8)Odometer: Accuracy was checked with a GPS AND my Smartphone GPS. I was shocked to discover that with these factory sized tires, the speedometer was within +/- 1.5 mph, and the Odometer is accurate to within about 1-1.5 miles. This truck was sold originally to a person who lived in the same town that it was built in, so he might have known something about this tire size. It is more accurate than any other vehicle I've tested in those two metrics. The Corolla, for example, has a speedo that's off by 4-5mph with the factory sized tires. The fuel gauges, however, are guesstimates. I go by a full tank in the front, and my Odometer. I tried using a GPS tracker on my phone, but it was too difficult to remember to turn it on and off everytime I went anywhere in the truck, wait for it to initialize GPS, hope it would never crash, etc.
9) Brakes: The rear brakes were non-existent when I bought this thing. They would lock up, and were softer than a new pillow. I put a new hardware set on the rears and drained the entire brake system with a vacuum pump. They're now much improved, and I don't think they're dragging, but I will try pushing the truck on the street to see if it rolls very far.
10) Bulk Weight: I have cut off the stupid, idiotic spare tire mount on the bottom, which took me around 2 hours of unscrewing and messing around with it, which should have reduced the weight by about 80lbs. Damn steel rims weigh 50+lbs. I would like to change those out for lightweight aluminum ones when I get the chance, just to improve my City MPG if for no other reason (but aesthetics are a big reason, too). I don't keep too much in the truck.
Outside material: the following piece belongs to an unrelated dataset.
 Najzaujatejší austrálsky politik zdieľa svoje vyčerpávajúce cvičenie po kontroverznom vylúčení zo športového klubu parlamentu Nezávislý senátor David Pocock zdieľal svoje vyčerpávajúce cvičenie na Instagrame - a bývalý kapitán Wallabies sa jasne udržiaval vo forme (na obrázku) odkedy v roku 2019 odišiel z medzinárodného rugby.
11) Aerodynamics: I took my CB antenna off (and promptly lost the little plastic insulator for it) and don't have much in the way of drag inducing items. When I heard these trucks could get 20+mpgs running WVO and B99, I dreamed of putting belly panels and an aerotopper on the back to be able to hypermile with it. Getting 25mpg with an ancient truck just to **** off people at the University I work at would be fantastic, but seems unobtainable at this juncture. "My truck is greener than your Prius, hippy."
12) Injector testing: I asked the folks at Pensacola Diesel to test these when I was buying them. They, along with my local Diesel Mechanic, both said that it was unnecessary to test Delphi injectors, as they were usually high enough quality that most companies that said they tested them had a larger variance than Delphis did from the factory. This was two different people, in two different parts of my state, who know more about diesels than I, only one of which had a vested financial interest in the advice. So, despite what I had read online, I did not bother to have them tested. I also changed the return lines, O-rings, and caps (which I then changed back, because the new ones leaked badly), and tracked down all the leaks I could find to try to get better MPGs. I do not think I have any serious enough leaks to warrant a loss of 1mpg, letalone 5-10mpgs.
13) Warm-up: I will say this truck gets HOT when I drive it. I drive it on the highway, and it's getting to nearly 220 degrees after a run. It's warmer under the hood than my gassers ever have been. This is one reason I wonder if it's getting too much fuel. All that unburnt fuel might be going into the exhaust and burning in there. I do have the awful, awful stock down pipe and exhaust setup.
14) THANK YOU ALL SO MUCH FOR YOUR HELP AND INPUT!